Coleman emphasized that the proliferation of hackers in TV and film has played a large role in changing the general public's perception of hackers. "Popular cultural representations from House of Cards to Mr. Robot have a big impact educating people that hacking isn't simply tied to criminal activity," she said.
But the growing awareness of the dual sense of the word "hacker" causes its own set of problems. "The thing with hacking that is difficult for people to wrap their heads around is that there's aspects of it that have such negative associations, and others such positive associations," Coleman said. "It causes a kind of cognitive dissonance, like how can you have both, you know?"

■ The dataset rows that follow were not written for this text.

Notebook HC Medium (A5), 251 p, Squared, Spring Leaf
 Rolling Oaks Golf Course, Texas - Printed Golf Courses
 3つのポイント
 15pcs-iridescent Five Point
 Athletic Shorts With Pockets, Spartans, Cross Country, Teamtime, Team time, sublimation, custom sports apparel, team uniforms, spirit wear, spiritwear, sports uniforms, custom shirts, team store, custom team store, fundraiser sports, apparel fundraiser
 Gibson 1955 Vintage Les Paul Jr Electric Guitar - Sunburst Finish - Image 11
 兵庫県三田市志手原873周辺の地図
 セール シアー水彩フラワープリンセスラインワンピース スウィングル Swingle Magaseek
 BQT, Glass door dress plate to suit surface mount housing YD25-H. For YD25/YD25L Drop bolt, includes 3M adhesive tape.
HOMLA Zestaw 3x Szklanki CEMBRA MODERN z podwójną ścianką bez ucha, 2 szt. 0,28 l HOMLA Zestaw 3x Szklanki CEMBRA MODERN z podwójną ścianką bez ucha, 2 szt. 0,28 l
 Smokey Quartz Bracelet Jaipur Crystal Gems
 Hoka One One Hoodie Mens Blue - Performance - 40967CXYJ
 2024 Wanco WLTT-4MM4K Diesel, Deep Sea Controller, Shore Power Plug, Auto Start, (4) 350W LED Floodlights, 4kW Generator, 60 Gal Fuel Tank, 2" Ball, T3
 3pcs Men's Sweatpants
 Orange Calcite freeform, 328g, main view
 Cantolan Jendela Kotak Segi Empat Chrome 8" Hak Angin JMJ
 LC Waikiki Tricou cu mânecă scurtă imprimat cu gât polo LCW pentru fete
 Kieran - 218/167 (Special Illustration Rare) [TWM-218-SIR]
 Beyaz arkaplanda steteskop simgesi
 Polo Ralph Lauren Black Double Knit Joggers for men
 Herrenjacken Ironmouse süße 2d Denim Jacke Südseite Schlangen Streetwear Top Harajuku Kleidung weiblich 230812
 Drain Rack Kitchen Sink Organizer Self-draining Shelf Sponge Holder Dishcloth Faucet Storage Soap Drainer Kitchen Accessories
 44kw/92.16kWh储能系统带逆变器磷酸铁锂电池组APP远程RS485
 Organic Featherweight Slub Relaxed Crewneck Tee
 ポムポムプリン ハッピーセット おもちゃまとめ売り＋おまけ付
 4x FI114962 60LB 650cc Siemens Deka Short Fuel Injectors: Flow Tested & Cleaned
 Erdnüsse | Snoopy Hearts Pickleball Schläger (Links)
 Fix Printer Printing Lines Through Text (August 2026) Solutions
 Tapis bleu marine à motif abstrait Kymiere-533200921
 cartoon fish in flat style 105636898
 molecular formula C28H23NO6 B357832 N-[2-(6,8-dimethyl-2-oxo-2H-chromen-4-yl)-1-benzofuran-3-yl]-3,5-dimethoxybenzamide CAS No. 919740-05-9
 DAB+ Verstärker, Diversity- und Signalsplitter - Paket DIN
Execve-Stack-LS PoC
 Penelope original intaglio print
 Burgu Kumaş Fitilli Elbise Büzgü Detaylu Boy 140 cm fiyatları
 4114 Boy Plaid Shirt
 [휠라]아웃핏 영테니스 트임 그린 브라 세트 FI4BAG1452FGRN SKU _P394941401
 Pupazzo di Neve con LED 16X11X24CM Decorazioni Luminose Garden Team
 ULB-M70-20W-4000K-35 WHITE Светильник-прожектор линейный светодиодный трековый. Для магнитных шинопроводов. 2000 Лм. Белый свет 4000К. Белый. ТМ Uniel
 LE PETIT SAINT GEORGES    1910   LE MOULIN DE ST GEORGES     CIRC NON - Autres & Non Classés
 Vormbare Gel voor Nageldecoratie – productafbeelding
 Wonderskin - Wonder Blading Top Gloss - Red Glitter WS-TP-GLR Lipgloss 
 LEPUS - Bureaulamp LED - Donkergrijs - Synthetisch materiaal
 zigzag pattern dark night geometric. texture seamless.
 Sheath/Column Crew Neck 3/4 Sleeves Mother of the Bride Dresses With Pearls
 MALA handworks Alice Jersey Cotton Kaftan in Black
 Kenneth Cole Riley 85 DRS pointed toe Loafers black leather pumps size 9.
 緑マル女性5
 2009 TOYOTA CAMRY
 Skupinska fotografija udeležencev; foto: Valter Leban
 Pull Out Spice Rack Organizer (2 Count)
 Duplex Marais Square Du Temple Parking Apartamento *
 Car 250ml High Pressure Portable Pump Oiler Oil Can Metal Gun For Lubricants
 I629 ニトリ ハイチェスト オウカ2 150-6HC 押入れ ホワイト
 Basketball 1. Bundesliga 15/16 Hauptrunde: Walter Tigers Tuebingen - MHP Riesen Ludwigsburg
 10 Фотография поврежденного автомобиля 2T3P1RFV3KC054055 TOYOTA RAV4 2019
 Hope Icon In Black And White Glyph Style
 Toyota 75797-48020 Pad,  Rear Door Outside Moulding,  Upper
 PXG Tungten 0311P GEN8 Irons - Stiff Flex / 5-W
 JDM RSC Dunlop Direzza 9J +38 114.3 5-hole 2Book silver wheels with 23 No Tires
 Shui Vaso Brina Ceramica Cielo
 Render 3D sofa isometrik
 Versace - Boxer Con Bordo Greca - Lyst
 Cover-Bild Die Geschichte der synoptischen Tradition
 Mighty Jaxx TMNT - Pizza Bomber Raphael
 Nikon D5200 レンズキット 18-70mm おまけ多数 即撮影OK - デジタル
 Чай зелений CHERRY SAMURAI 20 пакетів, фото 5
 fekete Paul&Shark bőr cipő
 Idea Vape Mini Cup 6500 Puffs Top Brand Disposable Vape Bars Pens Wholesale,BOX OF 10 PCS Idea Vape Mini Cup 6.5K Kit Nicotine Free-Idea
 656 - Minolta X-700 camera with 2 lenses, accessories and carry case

The underlying problem isn't going away, though. How we deal with smart alecks who use computers for non-illegal purposes may well be our modern crucible. As Paul Graham pointed out in "The Word 'Hacker,'" you cannot keep the "good hackers" and throw out the bad:
Hackers are unruly. That is the essence of hacking. And it is also the essence of Americanness. It is no accident that Silicon Valley is in America, and not France, or Germany, or England, or Japan. In those countries, people color inside the lines.
Persecuting intellectually curious hackers for playful experimentation—that, yes, thumbs its nose at authority—and enforcing a narrow, conformist view of what is and is not an acceptable use of a computer, he argued, will destroy what makes America great.
"It is the people who break rules that are the source of America's wealth and power," Graham wrote. "Those in a position to impose rules naturally want them obeyed. But be careful what you ask for. You might get it."